Below are entries. Give back exactly the lines from the one containing "Close up of" through the one containing "Leuchtbild Sonnenaufgang Am", inclusive, without the pictures.

-- DATASET EXCERPTS follows --

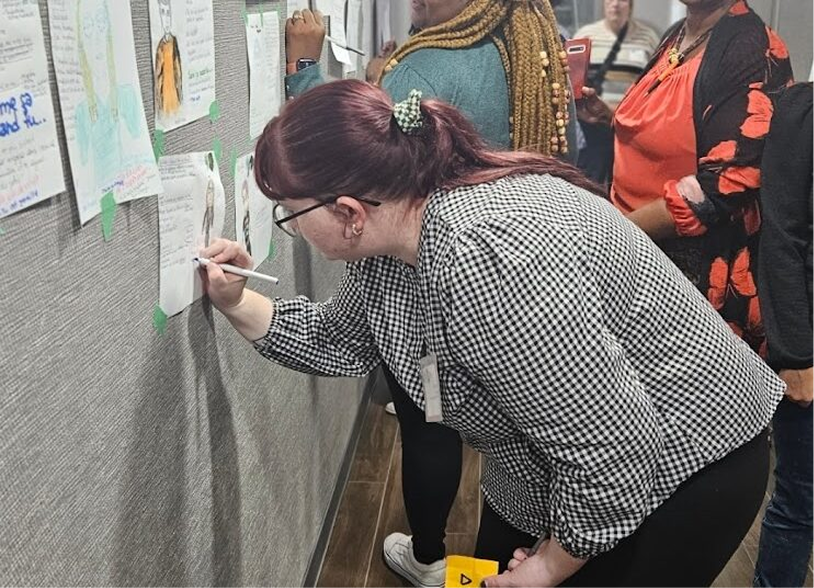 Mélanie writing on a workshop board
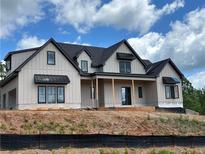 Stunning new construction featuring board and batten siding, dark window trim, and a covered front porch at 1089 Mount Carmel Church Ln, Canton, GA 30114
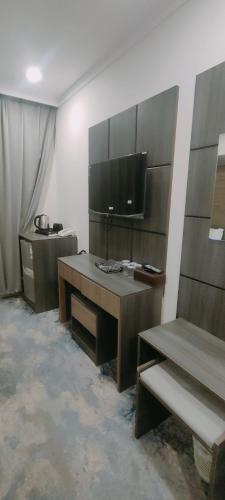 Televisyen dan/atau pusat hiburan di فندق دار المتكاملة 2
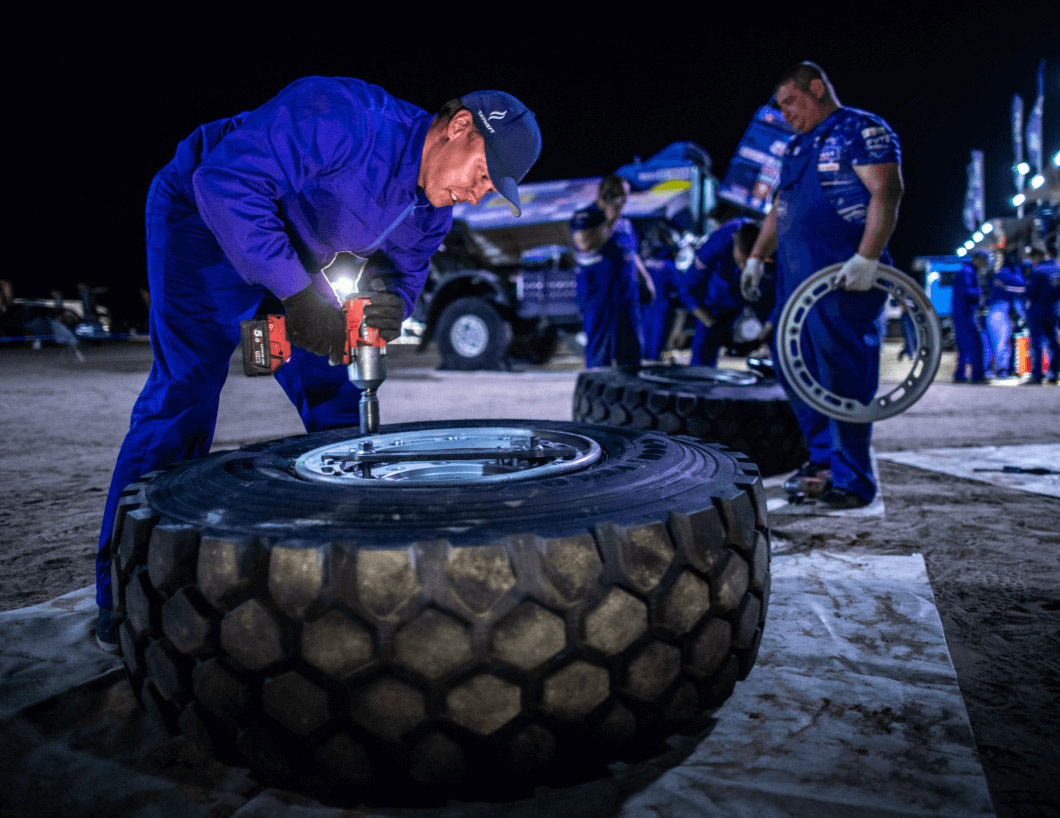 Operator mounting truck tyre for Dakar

-- DATASET EXCERPTS concluded --
-- DATASET EXCERPTS follows --

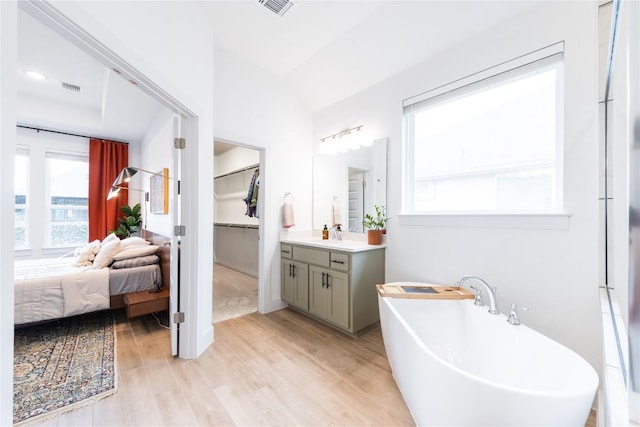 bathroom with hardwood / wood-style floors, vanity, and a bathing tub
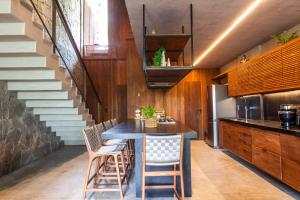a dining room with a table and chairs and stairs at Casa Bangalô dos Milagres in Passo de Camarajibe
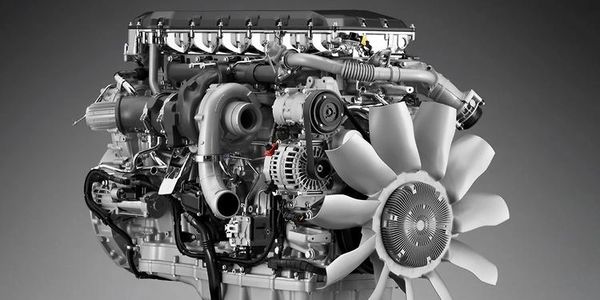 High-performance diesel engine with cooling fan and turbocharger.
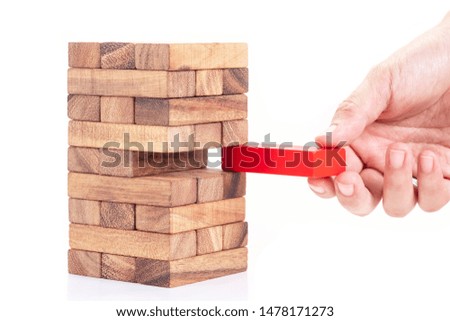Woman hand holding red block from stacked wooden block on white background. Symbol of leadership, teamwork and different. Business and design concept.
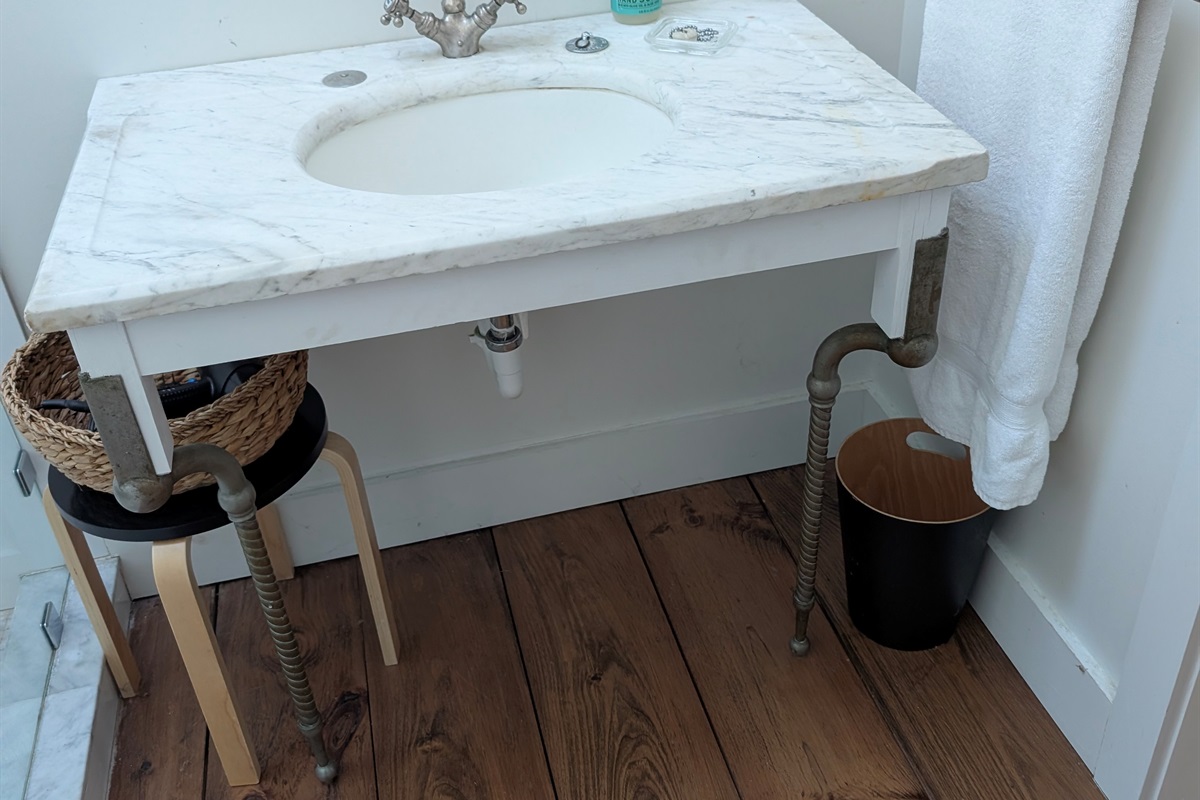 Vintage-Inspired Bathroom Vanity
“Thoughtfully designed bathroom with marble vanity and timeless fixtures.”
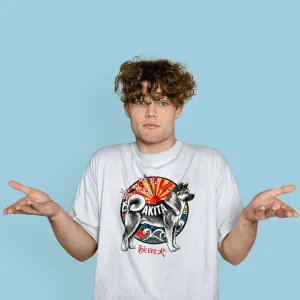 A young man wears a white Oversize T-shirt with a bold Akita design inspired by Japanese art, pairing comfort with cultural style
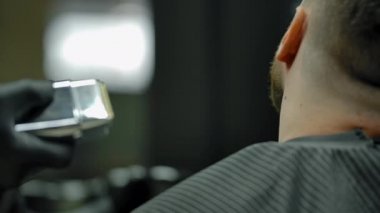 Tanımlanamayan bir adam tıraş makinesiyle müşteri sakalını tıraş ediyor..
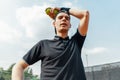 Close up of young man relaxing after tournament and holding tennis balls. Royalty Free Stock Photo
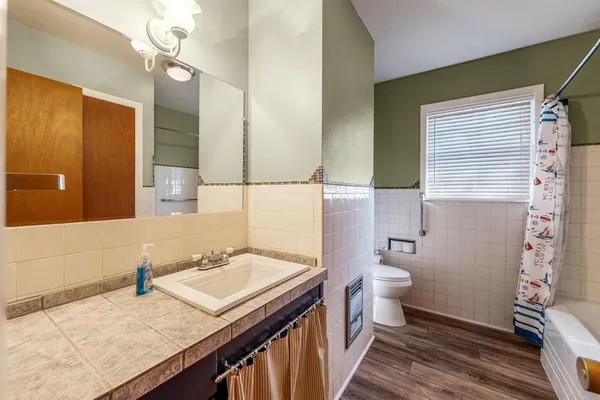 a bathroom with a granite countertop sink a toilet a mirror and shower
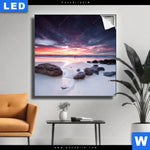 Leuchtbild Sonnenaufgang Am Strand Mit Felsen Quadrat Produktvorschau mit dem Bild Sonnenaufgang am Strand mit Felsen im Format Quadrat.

-- DATASET EXCERPTS concluded --

## ANSWER
 Close up of young man relaxing after tournament and holding tennis balls. Royalty Free Stock Photo
 a bathroom with a granite countertop sink a toilet a mirror and shower
 Leuchtbild Sonnenaufgang Am Strand Mit Felsen Quadrat Produktvorschau mit dem Bild Sonnenaufgang am Strand mit Felsen im Format Quadrat.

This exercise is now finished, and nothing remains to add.